若苾刍尼欲畜无限门徒者。应从苾刍尼僧伽。乞畜无限门徒法。如是应乞。言白既周。敷座席鸣犍稚。作前方便。乃至合掌作如是白。大德尼僧伽听。我苾刍尼某甲欲畜无限门徒。我某甲今从苾刍尼僧伽。乞畜无限门徒法。愿苾刍尼僧伽与我某甲畜无限门徒法。是能愍者愿哀愍故。第二第三亦如是说。次一苾刍尼作白羯磨大德尼僧伽听。此苾刍尼某甲欲畜无限门徒。此某甲今从苾刍尼僧伽乞畜无限门徒法。若苾刍尼僧伽时至听者。苾刍尼僧伽应许。苾刍尼僧伽。今与某甲畜无限门徒法。白如是。次作羯磨。
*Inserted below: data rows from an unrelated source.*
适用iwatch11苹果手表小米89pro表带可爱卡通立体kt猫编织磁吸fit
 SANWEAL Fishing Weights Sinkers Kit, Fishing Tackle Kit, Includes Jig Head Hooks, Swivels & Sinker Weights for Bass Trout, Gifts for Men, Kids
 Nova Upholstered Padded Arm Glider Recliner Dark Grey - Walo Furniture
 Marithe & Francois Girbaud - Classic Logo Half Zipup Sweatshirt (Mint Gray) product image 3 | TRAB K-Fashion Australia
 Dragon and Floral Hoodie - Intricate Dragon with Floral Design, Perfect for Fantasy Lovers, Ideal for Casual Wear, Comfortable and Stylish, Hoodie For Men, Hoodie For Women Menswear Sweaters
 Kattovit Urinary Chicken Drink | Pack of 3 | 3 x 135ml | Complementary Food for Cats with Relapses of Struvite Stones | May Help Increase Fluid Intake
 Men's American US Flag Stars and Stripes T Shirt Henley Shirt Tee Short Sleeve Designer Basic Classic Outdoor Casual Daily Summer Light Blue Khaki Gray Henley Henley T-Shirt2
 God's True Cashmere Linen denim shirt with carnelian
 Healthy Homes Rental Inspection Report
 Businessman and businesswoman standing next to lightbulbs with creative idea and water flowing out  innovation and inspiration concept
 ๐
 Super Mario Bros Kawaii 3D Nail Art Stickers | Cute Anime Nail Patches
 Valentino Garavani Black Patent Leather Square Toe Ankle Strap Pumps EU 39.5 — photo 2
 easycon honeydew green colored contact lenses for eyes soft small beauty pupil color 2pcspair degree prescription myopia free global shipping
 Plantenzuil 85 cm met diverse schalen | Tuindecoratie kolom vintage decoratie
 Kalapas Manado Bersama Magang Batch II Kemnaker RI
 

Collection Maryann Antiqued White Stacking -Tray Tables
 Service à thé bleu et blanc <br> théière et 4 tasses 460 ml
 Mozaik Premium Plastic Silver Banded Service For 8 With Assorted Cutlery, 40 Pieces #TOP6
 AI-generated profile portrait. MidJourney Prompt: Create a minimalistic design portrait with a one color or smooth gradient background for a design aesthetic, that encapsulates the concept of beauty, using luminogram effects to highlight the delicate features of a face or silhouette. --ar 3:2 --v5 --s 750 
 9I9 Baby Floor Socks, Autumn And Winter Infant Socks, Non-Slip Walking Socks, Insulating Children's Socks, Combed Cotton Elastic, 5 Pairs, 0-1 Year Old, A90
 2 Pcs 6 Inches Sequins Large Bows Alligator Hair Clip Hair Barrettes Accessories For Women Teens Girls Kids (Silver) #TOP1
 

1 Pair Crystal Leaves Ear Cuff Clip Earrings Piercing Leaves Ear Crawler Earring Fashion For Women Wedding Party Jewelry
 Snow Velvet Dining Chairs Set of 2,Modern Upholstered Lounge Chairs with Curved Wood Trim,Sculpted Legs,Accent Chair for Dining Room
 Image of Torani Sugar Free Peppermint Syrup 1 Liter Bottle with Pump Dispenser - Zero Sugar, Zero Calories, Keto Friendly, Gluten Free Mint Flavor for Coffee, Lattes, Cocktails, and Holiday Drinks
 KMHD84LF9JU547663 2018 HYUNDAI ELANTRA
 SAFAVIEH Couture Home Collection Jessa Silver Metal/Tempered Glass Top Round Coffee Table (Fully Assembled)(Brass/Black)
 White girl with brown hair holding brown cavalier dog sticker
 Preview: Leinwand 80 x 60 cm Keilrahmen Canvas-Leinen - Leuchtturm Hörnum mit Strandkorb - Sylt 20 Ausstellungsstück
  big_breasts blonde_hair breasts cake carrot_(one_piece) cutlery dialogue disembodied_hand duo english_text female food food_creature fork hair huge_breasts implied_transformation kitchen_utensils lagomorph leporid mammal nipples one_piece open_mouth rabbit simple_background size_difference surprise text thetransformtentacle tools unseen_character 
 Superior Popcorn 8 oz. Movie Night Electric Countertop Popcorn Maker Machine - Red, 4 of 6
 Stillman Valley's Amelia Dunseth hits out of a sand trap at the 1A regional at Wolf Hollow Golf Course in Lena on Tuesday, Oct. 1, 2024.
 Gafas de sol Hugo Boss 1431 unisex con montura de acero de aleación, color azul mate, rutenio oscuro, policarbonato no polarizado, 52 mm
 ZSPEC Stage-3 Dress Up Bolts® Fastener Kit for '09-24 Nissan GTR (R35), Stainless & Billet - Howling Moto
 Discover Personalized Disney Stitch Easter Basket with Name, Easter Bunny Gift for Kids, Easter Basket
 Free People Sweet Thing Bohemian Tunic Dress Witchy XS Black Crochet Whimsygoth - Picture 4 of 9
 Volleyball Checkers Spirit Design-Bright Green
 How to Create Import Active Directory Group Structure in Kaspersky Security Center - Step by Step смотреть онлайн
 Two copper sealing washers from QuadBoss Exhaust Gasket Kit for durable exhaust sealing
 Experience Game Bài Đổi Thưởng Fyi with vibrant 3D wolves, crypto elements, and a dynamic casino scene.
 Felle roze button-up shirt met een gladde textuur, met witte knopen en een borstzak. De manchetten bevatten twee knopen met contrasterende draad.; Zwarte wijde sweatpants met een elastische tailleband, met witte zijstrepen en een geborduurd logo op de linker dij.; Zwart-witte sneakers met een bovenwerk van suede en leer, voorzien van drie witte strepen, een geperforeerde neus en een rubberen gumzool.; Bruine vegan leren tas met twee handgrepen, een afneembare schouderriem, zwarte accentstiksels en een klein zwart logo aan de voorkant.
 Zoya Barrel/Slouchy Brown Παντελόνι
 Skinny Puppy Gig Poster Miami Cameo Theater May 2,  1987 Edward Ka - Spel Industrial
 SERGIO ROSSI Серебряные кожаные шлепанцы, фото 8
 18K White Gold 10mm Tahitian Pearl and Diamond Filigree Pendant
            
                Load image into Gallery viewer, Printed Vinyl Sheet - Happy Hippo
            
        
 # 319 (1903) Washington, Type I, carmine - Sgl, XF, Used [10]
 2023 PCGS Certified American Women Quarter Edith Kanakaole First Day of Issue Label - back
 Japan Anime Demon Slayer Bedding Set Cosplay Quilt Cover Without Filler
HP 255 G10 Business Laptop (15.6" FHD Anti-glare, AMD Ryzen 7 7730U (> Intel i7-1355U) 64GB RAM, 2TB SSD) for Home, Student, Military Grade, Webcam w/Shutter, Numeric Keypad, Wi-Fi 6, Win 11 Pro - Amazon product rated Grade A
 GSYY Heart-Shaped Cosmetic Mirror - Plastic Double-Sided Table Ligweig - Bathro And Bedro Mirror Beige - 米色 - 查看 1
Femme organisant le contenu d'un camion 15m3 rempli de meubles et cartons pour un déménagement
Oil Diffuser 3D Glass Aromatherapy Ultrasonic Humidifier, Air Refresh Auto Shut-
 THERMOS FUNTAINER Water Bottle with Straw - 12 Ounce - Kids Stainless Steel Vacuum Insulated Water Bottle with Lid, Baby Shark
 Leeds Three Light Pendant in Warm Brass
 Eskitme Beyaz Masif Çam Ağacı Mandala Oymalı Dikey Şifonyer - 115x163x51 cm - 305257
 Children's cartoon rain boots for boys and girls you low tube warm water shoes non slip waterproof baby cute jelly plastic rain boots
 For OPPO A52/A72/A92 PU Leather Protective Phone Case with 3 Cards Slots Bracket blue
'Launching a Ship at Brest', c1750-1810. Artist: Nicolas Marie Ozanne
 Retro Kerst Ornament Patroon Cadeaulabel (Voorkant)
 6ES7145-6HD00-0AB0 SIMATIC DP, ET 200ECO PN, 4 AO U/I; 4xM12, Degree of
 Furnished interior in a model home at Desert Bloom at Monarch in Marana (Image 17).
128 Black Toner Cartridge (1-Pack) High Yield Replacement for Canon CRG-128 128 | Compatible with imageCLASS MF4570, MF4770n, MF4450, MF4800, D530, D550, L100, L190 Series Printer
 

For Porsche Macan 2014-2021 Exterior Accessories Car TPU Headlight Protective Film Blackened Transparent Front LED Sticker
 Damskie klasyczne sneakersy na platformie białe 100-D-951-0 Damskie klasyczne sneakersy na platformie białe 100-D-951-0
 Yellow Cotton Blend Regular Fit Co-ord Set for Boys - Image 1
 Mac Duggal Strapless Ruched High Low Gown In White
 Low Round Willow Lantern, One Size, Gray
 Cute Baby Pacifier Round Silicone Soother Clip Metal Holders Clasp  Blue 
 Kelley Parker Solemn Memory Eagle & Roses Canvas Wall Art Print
大德尼僧伽听。此苾刍尼某甲欲畜无限门徒。此某甲今从苾刍尼僧伽。乞畜无限门徒法。苾刍尼僧伽。今与某甲畜无限门徒法。若诸具寿听与某甲畜无限门徒法者。默然。若不许者说。苾刍尼僧伽已与某甲畜无限门徒法竟。苾刍尼僧伽已听许。由其默然故。我今如是持。若苾刍尼既得法已。随意多畜。勿致疑惑。
不离僧伽胝白二。
若苾刍老朽无力。或复身病无所堪能。其僧伽胝衣重大不能持行者。此苾刍应从僧伽乞。不离僧伽胝衣法。应如是乞。作前方便。下至四人。于坛场内。彼苾刍偏露右肩脱革屣。向上座前。蹲踞合掌随应致敬。作如是白(须知西方入众。元不着鞋履。此云遣脱意在深防。若有着来皆须脱去。如其有病随时准量)
大德僧伽听。我苾刍某甲老朽无力。或复身病无所堪能。僧伽胝衣重大不能持行。我苾刍某甲。今从僧伽乞不离僧伽胝衣法。愿大德僧伽。与我某甲不离僧伽胝衣法。是能愍者。愿哀愍故。第二第三亦如是说。次一苾刍作白羯磨。应如是作。
大德僧伽听。此苾刍某甲老朽无力。或复身病无所堪能。僧伽胝衣重大不能持行。此某甲今从僧伽乞不离僧伽胝衣法。若僧伽时至听者。僧伽应许。僧伽今与某甲不离僧伽胝衣法。白如是。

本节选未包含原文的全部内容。